Reliability ≠ Stability
We shouldn't assume reliable model APIs mean we are getting intelligent outputs.
“This model is doing well on public benchmarks, #1 on SWE Bench! We’ve run our internal evals and it performs great! Our inference provider is showing great uptime and super fast TTFT and TPS. We red-team’d it in our app and it passes with flying colors.…SHIP IT LFG 🎉”
Weeks later…
“Wait, what?!? Why is it doing that? Did we change our prompts or something? Why is it not working like it was? Did the model just get dumber out of nowhere?”
Every application builder, product manager, developer, and machine learning engineer can relate to this story. This is the new reality of the software development lifecycle for AI-native applications.

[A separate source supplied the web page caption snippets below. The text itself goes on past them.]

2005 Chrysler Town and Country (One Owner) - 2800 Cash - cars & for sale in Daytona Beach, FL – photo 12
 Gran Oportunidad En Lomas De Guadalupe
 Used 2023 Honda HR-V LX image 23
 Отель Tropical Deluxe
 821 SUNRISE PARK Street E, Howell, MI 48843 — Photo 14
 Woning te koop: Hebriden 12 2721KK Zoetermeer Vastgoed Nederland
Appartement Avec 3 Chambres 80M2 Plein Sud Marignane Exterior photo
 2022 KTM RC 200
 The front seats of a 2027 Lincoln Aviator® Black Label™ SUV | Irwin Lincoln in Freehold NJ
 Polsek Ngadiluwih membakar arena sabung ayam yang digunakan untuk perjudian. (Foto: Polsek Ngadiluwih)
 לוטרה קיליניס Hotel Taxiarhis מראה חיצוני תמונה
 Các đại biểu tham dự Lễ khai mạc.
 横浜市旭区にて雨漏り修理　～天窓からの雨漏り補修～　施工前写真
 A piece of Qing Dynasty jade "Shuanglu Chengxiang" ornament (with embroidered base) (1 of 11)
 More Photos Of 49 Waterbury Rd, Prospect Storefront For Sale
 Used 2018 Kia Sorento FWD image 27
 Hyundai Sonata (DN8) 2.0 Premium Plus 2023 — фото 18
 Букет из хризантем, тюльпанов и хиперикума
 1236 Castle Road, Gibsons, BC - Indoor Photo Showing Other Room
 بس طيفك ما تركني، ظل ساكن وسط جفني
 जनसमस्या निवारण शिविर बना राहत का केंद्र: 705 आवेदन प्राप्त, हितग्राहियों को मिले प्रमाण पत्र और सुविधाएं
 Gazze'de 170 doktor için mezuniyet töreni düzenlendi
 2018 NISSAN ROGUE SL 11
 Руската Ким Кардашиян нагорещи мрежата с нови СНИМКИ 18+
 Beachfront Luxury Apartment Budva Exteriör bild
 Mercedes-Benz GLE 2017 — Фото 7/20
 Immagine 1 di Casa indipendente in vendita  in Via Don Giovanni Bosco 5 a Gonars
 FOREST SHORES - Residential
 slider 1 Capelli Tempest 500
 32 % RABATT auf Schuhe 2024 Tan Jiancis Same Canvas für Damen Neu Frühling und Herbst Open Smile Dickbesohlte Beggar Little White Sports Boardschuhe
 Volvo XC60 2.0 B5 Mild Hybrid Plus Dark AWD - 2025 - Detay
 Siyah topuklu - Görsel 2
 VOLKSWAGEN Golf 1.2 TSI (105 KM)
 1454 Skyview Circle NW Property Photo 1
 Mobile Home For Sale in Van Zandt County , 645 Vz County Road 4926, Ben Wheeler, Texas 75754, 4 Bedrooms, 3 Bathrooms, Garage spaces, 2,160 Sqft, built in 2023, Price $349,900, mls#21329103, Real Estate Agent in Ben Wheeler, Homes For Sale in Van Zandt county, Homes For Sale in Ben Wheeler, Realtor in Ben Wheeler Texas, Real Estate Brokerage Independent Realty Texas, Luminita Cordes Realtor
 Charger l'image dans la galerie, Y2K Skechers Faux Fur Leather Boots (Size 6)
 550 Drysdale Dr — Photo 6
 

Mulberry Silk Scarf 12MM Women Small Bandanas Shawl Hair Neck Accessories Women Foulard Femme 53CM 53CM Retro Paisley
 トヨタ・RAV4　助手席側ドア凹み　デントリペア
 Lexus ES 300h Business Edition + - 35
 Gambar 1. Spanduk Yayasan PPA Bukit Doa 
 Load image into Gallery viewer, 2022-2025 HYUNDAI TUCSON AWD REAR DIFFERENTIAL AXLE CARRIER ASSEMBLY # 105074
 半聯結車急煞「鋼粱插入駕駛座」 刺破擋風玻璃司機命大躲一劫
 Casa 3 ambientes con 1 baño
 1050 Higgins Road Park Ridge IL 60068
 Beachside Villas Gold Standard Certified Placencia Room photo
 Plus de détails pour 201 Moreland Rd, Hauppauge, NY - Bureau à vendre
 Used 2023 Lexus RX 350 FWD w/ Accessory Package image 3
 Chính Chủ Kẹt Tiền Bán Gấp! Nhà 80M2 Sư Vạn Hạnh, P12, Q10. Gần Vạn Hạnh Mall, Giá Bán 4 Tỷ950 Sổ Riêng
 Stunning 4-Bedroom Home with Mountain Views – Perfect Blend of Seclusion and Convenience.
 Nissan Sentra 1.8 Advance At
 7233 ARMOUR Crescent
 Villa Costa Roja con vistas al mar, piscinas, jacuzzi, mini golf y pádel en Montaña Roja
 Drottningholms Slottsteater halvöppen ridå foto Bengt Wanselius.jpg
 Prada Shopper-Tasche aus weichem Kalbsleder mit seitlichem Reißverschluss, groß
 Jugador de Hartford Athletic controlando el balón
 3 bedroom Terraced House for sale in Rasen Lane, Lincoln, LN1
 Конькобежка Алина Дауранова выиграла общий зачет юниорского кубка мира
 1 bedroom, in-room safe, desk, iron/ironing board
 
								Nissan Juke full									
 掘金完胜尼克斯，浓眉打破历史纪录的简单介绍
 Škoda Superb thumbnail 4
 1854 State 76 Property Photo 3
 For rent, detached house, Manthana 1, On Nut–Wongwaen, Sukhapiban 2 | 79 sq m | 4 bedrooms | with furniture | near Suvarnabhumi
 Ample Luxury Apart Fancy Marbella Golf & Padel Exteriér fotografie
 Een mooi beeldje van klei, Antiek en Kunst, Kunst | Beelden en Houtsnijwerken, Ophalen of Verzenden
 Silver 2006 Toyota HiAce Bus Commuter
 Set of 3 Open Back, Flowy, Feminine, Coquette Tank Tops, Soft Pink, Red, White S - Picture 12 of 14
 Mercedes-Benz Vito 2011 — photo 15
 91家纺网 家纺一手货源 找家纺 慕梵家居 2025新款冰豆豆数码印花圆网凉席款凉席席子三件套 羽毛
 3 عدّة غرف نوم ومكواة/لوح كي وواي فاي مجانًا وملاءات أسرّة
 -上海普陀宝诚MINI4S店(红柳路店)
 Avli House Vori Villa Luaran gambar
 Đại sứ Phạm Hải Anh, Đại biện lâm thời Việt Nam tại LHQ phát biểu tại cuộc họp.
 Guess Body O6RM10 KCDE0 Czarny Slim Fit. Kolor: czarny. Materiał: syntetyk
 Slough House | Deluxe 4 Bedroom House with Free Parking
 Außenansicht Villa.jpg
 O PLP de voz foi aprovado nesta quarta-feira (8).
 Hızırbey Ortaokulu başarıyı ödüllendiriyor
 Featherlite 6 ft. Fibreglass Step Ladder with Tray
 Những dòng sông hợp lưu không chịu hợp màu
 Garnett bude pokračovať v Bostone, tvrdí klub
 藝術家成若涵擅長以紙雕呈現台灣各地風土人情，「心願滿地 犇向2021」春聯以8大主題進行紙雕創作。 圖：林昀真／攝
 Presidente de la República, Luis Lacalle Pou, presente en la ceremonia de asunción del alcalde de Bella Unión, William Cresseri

Before AI-native applications, software was deterministic, the same input will result in the same output. We really only needed to check the basics:
Is it up and running?
Is it responding quickly?
Can it handle the throughput?
These are normally reported as standard metrics for any REST API service. They are primarily managed by Site Reliability Engineers (SREs) and easy to setup in standard tools like PageDuty or UptimeRobot.
The reality with AI-native applications is: Reliability ≠ Stability
There is more nuance with AI-native applications. What those developers above are feeling is the instability of the model, even though the metrics show everything is running fine. It is producing tokens, fast, and as many as requested.
However, just because an AI is generating tokens reliably, it does not mean those tokens are the right ones for the application. And it does not mean the tokens it produced for an input a few weeks ago will be the same tokens produced for the same inputs today. AI systems are stochastic machines - meaning the tokens generated at any time are not guaranteed to be the same. This leads to models behaving differently at different times.
When models have varying behavior, it means applications will have varying behavior.
We need a new metric - Stability
Tracking stability is about tracking if an AI model is behaving consistently over time. Stability is about making sure the answers coming back from an AI model are consistent when prompted with the same inputs. Even though we can’t expect the same inputs to give identical responses each time, we should have confidence that the responses are in an expected range. If it starts to veer off or drift (even slightly), this can cause problems in applications where even minor changes in outputs can cause compounding or cascading problems.
Imagine an agent that is relying on a model to perform a complex task that requires many steps in a sequence. If the results of earlier steps are different, then everything to follow can be thrown off.
Currently we rely on model API providers (inference providers) to share their reliability metrics like time-to-first-token (TTFT), tokens per second (TPS), and uptime. However this is no longer sufficient for AI-native applications.
There needs to be a new metric that captures how consistent are the models behaving over time, especially when hosted in different environments.
Shifting Sands
Hosting frontier AI models is no small task. With hundreds of billions or even trillions of parameters, these models require complex compute environments. And as new models come out (with advanced capabilities) with new architectures, inference providers have to update their infrastructure to support them. Additionally, they need to implement their own set of optimizations to get most they can from the hardware they currently have.
Inference providers then are naturally updating their infrastructure, adjusting models, reconfiguring routing, and more all the time.
And as different inference providers make different choices, it leads to models behaving differently.
Through our model informatics work, we’ve been able to develop methods to continuously monitor AI models through APIs from different inference providers to track instability. The results were shocking to see. The same model hosted by different providers showed significant variance between them.
Recently, Epoch AI published results from an independent study and arrived at similar conclusions.
“Bugs and instabilities in the chosen API provider are the biggest source of evaluation errors, which particularly affects newer models.”
Stability Monitoring
The key challenge is that model behavior can be affected by a wide variety of changes to both the model files (weights, tokenizer, etc) as well as the in deployment infrastructure. And those changes happen often and at unpredictable times:
…when we switched hardware providers one of the physical nodes went down and then we had to get another set because it’s a HUGE model.
It means we can’t run checks once a month or even once a week to see if the model our application depends on is behaving the way we need. And it would be too costly to run heavy evals at a high enough frequency.
To do this well, we need a lightweight approach that can run at high frequency and with enough sensitivity to know when the model is not behaving, even when the API is live and responding.
We are excited to share more soon about how we’ve built a stability monitor to detect when model behavior is changing and how it may impact your AI-native applications.